Parables are not stories with morals, easily explainable. I regret that the author of Matthew chose to include an “explanation” of this parable. It is another example of disciples not getting it right – thinking parables were tidy little stories whose meaning could be dissected. They are not. They were a unique way for Jesus to engage the hearts and imaginations of people, to invite them to imagine the world and their lives anew.
John Dominic Crossan calls parables “lures” to entice people to imagine and engage the kingdom of God (First Light: Jesus and the Kingdom of God, Living the Questions 2009). He asks us to picture the setting of their telling.
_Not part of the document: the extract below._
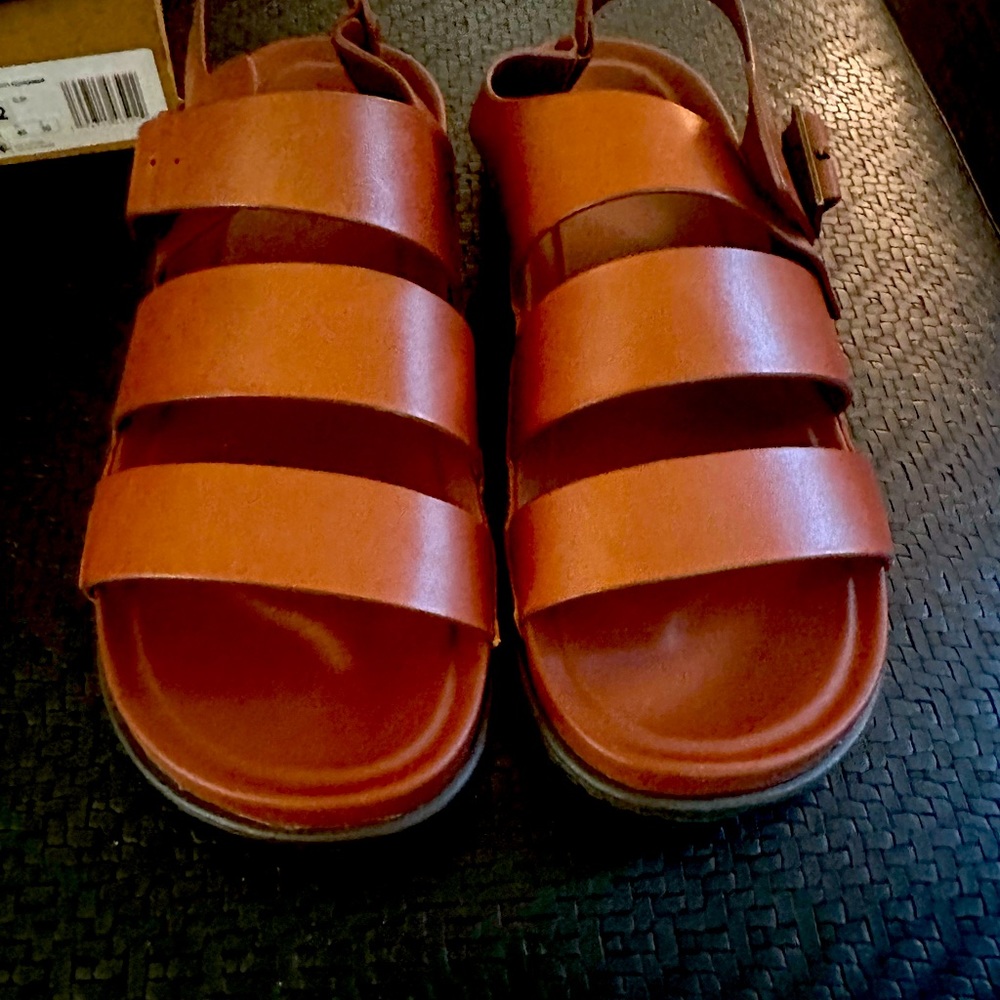 NWT -Ugg M WAINSCOTT FISHERMAN SANDALS BRAND NEW IN BOX WITH TAGS MENS SIZE 12.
Imagine the crowd gathered on the lakeside to hear the holy man speak from his boat. Many of them would be subsistence farmers, scratching a living from the land. They would hear A sower went out to sow…and some seeds fell on the path. “That’s careless!”, one might shout. Another might mutter to his neighbour: “That’s crazy, does he think seeds can be wasted like that? He’ll never make it as a farmer.” The mutterings escalate as more and more seed is wasted. Then Jesus gets to the end of the story and they hear Other seeds fell on good soil and brought forth grain, some a hundredfold, some sixty, some thirty. Let anyone with ears listen!… “What? No one gets those kinds of yields! The most I’ve ever got is tenfold and that was a really unusual year.” “What kind of seeds is this guy using? I want some.” “Wait, maybe this is not about seeds and soil.” “Well, what’s it about then?”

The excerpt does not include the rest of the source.